Your goal:
Scanning the entries below, copy every line that contains the word "woman".
Top of Supplied entries
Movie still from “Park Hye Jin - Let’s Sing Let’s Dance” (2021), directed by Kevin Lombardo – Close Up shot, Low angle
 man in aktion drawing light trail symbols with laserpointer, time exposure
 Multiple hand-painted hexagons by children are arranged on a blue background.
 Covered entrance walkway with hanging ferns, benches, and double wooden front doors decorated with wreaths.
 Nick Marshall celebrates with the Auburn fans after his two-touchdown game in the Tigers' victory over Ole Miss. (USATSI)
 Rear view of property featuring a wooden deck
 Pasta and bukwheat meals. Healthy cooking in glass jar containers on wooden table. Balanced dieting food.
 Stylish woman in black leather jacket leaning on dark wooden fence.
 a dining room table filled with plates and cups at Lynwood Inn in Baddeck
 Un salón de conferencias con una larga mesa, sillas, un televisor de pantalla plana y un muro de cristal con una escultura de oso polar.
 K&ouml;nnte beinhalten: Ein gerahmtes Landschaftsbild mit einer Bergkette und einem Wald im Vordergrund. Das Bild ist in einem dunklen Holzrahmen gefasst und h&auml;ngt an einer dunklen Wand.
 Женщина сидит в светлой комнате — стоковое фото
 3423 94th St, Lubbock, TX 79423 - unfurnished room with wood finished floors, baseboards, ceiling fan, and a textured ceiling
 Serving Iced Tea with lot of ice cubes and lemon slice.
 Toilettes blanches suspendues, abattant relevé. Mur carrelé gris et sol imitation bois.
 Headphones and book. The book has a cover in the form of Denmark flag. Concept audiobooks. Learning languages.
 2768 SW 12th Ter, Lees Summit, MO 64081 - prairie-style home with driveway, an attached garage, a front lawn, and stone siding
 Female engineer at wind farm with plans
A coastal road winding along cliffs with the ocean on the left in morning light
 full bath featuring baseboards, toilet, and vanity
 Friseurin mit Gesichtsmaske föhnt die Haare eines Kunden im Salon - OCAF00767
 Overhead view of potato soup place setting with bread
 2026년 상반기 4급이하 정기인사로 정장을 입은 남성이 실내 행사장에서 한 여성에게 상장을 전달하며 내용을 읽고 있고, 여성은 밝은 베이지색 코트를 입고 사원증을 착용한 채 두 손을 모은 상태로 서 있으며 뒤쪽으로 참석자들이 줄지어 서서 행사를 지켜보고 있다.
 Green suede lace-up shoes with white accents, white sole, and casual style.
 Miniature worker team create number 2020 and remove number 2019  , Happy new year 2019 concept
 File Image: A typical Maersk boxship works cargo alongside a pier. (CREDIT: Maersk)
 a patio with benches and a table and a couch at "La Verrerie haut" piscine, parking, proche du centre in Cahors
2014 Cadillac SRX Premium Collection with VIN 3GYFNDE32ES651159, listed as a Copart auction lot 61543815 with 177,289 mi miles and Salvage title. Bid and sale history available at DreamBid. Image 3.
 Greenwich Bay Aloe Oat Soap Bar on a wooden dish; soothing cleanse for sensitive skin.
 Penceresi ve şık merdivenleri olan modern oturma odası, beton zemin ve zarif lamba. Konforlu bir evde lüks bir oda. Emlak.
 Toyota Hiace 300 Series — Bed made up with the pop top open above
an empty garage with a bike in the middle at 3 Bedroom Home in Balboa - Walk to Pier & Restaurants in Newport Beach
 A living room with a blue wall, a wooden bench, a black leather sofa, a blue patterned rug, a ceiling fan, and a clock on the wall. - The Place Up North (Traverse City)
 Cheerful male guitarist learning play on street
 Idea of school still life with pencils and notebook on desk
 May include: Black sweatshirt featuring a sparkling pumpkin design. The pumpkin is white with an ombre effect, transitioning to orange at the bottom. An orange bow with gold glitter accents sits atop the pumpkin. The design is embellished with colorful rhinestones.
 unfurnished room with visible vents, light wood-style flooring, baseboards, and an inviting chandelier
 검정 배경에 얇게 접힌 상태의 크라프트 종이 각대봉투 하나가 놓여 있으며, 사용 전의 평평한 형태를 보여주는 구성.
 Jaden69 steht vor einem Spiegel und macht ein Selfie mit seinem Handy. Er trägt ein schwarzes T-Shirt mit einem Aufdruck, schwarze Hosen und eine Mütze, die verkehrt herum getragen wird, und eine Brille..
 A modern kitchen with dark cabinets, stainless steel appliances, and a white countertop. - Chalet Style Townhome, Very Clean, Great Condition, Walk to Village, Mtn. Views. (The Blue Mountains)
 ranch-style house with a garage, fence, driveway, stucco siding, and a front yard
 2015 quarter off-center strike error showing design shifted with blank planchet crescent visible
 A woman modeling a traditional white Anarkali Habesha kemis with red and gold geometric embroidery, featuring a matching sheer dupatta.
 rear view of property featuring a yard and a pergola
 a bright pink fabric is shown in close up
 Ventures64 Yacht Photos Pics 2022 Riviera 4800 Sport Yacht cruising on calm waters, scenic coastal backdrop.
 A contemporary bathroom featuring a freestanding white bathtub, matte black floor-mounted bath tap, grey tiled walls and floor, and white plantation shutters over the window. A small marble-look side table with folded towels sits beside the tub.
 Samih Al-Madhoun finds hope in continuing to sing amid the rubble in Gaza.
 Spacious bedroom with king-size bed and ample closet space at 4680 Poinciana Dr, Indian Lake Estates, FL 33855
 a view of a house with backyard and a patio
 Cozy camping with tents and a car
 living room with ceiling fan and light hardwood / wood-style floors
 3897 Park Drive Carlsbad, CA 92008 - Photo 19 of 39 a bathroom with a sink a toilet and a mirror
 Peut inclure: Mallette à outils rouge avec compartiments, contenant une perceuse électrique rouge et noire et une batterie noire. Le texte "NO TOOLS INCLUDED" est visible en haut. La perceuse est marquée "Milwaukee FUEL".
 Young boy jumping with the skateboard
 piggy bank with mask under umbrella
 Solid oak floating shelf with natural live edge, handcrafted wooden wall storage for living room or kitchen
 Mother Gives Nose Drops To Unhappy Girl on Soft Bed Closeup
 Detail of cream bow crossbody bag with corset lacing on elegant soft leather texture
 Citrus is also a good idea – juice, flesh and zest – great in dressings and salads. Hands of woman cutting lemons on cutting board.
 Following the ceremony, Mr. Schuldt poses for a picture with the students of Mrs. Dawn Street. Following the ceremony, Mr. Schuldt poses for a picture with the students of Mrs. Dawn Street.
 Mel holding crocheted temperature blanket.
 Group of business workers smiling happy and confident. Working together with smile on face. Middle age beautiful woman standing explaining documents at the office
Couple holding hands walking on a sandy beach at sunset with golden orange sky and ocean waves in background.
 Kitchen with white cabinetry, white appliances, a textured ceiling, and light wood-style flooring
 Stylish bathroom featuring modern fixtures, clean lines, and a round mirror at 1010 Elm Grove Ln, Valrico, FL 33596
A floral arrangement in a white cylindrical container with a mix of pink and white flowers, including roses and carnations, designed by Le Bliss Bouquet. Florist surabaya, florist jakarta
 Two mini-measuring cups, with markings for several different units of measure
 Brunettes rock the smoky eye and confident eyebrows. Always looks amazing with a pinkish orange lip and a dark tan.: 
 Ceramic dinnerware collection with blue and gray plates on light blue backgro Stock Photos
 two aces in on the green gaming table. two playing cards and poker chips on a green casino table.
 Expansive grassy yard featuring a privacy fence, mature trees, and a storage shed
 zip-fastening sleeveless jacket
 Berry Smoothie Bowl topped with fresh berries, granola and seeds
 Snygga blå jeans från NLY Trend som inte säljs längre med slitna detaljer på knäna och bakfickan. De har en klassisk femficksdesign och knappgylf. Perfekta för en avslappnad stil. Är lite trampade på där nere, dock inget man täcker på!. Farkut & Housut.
Bottom of Supplied entries
Your solution:
 Stylish woman in black leather jacket leaning on dark wooden fence.
 A woman modeling a traditional white Anarkali Habesha kemis with red and gold geometric embroidery, featuring a matching sheer dupatta.
 Citrus is also a good idea – juice, flesh and zest – great in dressings and salads. Hands of woman cutting lemons on cutting board.
 Group of business workers smiling happy and confident. Working together with smile on face. Middle age beautiful woman standing explaining documents at the office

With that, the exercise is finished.